=== Directions ===
Pictures must not appear in the copy. Reproduce exactly, and only, the lines from the one with "Louis Philippe Jeans" through the end of the data below.

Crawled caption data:
......

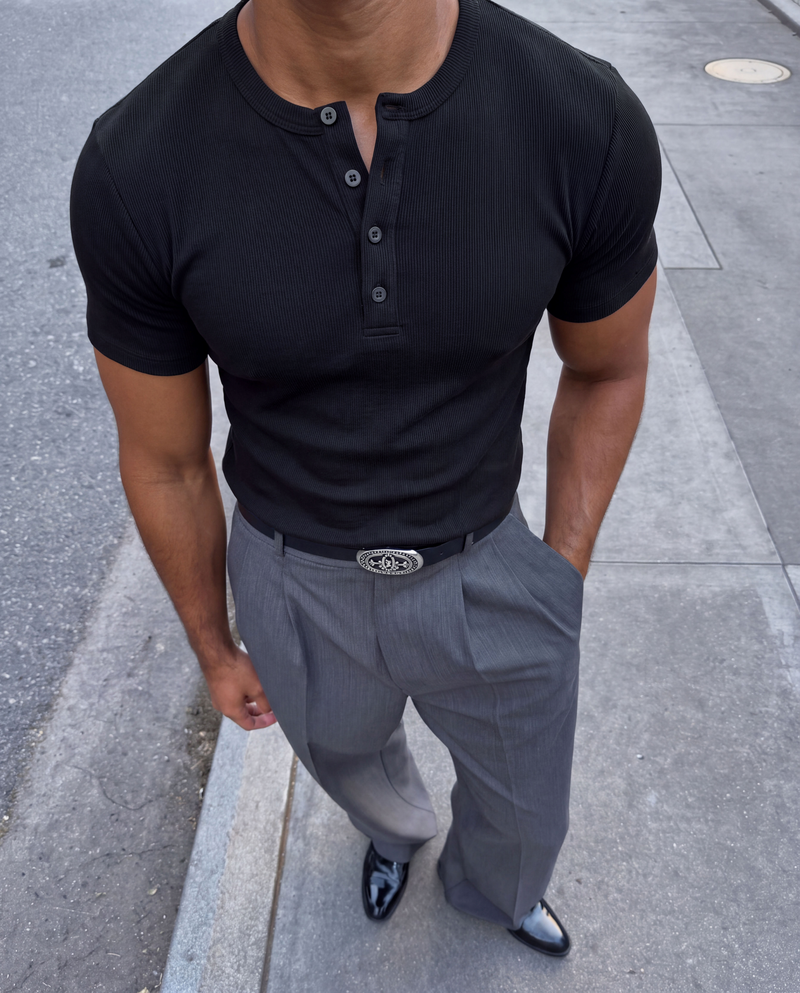 Black Henley T-Shirt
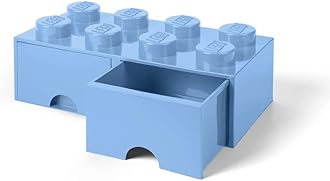 Room Copenhagen Lego Brick 8 Knobs, 2 Drawers, Stackable Storage Box, 9.4 l, Light Blue, 50 x 25 x 18 cm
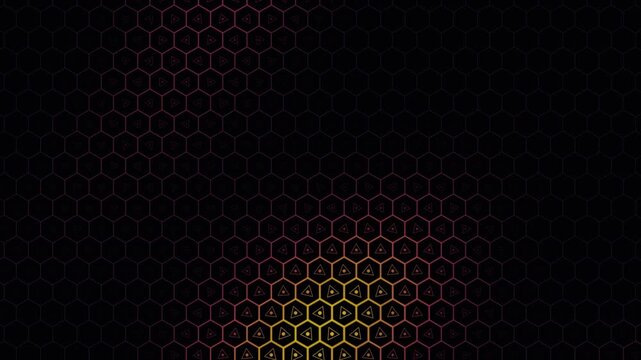 Abstract geometric background with hexagonal pattern and glowing triangles in yellow and red gradient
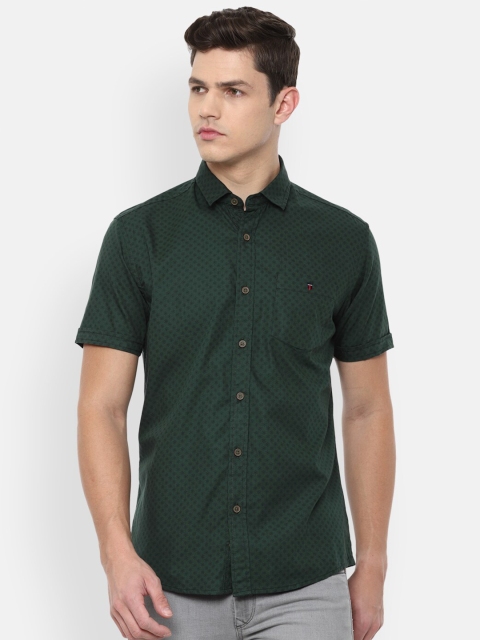 

Louis Philippe Jeans Men Green Slim Fit Printed Casual Shirt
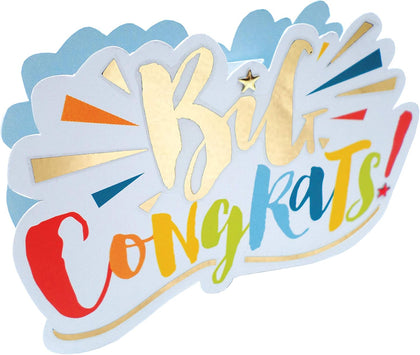 3D Glitter Finished Congratulations Big Congrats Card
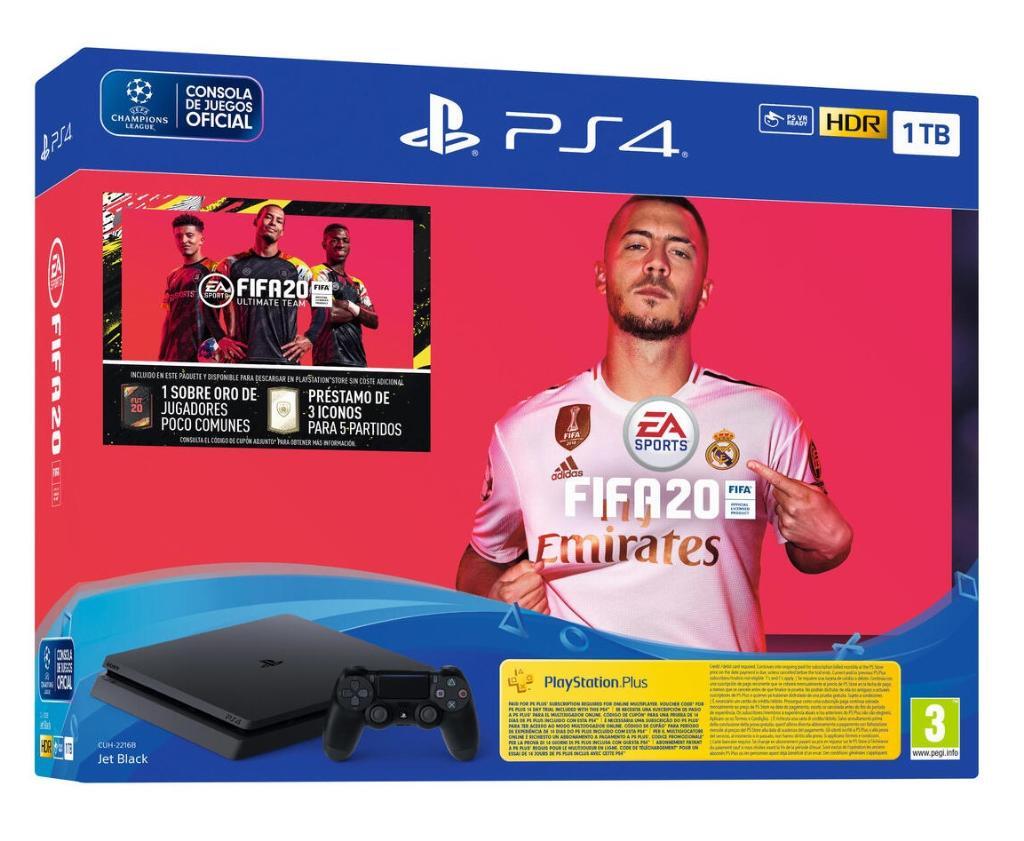 Play Station PS4 1TB FIFA 20 - Ultimate Team + PS Plus 14 Días, HDR,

......

=== Written response ===
Louis Philippe Jeans Men Green Slim Fit Printed Casual Shirt
 3D Glitter Finished Congratulations Big Congrats Card
 Play Station PS4 1TB FIFA 20 - Ultimate Team + PS Plus 14 Días, HDR,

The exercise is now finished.